Engineered phage for expanded host range and increased payload capacity

The rapid rise of antimicrobial resistance has resulted in renewed interest in alternative strategies to control the spread of pathogens including multidrug resistant ones. Phage (virus that infects and kills bacteria) therapy has gathered renewed interest as a viable alternative to antibiotics but selection and production of phages for biomedical applications to prevent or treat bacterial infections in humans and animals remains a challenging task. Current solutions can involve a complex cocktail of different phages to produce efficient results. Consequently, genetic engineering approaches are now being explored to optimize phage anti-microbial activity, e.g. by use of phages as CRISPR-Cas delivery vehicles, and address problems such as the narrow host range of individual phages that limit broader use as effective therapeutic interventions.

The project aims to create novel, engineered bacteriophages that will improve or add desired traits for therapeutic use by combining computational (i.e., artificial intelligence) with molecular genetic/synthetic biology approaches. Mining large, publicly available datasets using computational/bioinformatic tools will identify phage receptor variants and phage anti-defence systems that can be screened and assessed for functionality. Individual elements displaying favourable characteristics will be used to rationally design and genetically assemble novel phages with enhanced properties such as improved host range and infectious potential. Integration of additional modules encoding genetic payloads such as CRISPR-Cas systems with the potential to further increase efficacy of the modified phages will require the construction of minimal phage genomes able to accommodate the added genetic material. The selected phage(s) will be subjected to several rounds of genome reduction to determine the minimal viable genome(s) that will be used to re-assemble modified phages integrating the payload module.

The 2016 UK Roadmap Bio-design for the Bio-economy highlighted the substantial impact that synthetic biology can bring to the UK and global economies by developing: frontier science and technology; establishing a healthy innovation pipeline; a highly skilled workforce and an environment in which innovative science and businesses can thrive. Synthetic biology promises to transform the UK Bio-economy landscape, bringing bio-sustainable and affordable manufacturing routes to all industrial sectors and will ensure society can tackle many contemporary global Grand Challenges including: Sustainable Manufacturing, Environmental Sustainability Energy, Global Healthcare, and Urban Development. Whilst synthetic biology is burgeoning in the UK, we now need to build on the investments made and take a further lead in training next generation scientists to ensure sustained growth of a capable workforce to underpin the science base development and growth in an advanced UK bio-economy.
This training provided by this CDT will give students from diverse backgrounds a unique synthesis of computational, biomolecular and cellular engineering skills, a peer-to-peer and industrial network, and unique entrepreneurial insight. In so doing, it will address key EPSRC priority areas and Bioeconomy strategic priorities including: Next-generation therapeutics; Engineered biomaterials; Renewable alternatives for fuels, chemicals and other small molecules; Reliable, predictable, and scalable bioprocesses; Sustainable future; Lifelong health & wellbeing.
Advances created by our BioDesign Engineering approach will address major societal challenges by delivering new routes for chemical/pharma/materials manufacture through to sustainable energy, whilst providing clean growth and reductions in energy use, greenhouse gas emissions and carbon footprints. Increased industry awareness of bio-options with better civic understanding will drive end-user demand to create market pull for products. The CDT benefits from unrivalled existing academic-industry frameworks at the host institutions, which will provide direct links to industrial partners and a direct pathway to early economic and industrial impact.

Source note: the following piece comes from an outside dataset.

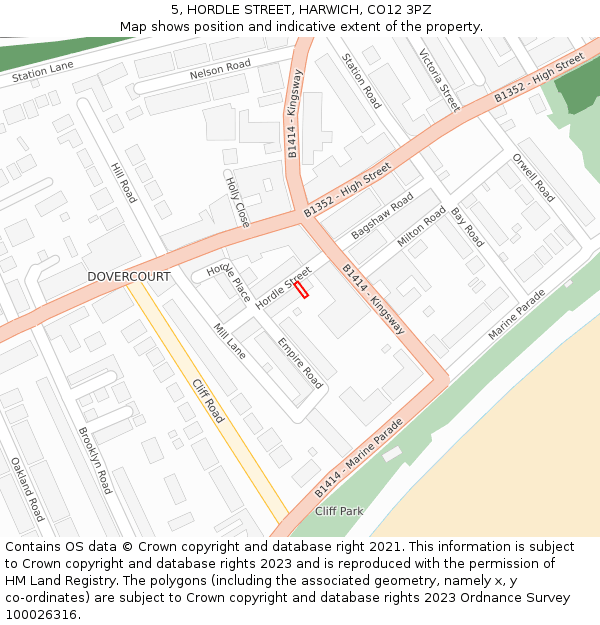 5, HORDLE STREET, HARWICH, CO12 3PZ: Location map and indicative extent of plot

This CDT will develop 80-100 next-generation scientists and technologists (via the funded cohort and wider integration of aligned students at the three institutions) as adept scientists and engineers, instilled with technical leadership, who as broadly trained individuals will fill key skills gaps and could be expected to impact internationally through leadership roles in the medium term. Importantly the CDT addresses key skill-gaps identified with industry, which are urgently required to create and support high value jobs that will enable the UK to compete in global markets. Commercialisation and entrepreneurship training will equip the next generation of visionaries and leaders needed to accelerate and support the creation of new innovative companies to exploit these new technologies and opportunities.

The UK government identified Synthetic Biology as one of the "Eight Great Technologies" that could be a key enabler to economic and societal development. This CDT will be at the forefront of research that will accelerate the clean growth agenda and the development of a resilient circular bioeconomy, and will align with key EPSRC prosperity outcomes including a productive, healthy and resilient nation. To foster wider societal impact, the CDT will expect all students to contribute to public outreach and engagement activities including: open days, schools visits, and science festival events: students will participate in an outreach programme, with special focus on widening participation.

This CDT will contribute to the development of industrial strategy through the Synthetic Biology Leadership Council (SBLC), Industrial Biotechnology Leadership Forum (IBLF), and wider Networks in Industrial Biotechnology and Bioenergy and Professional Institutes.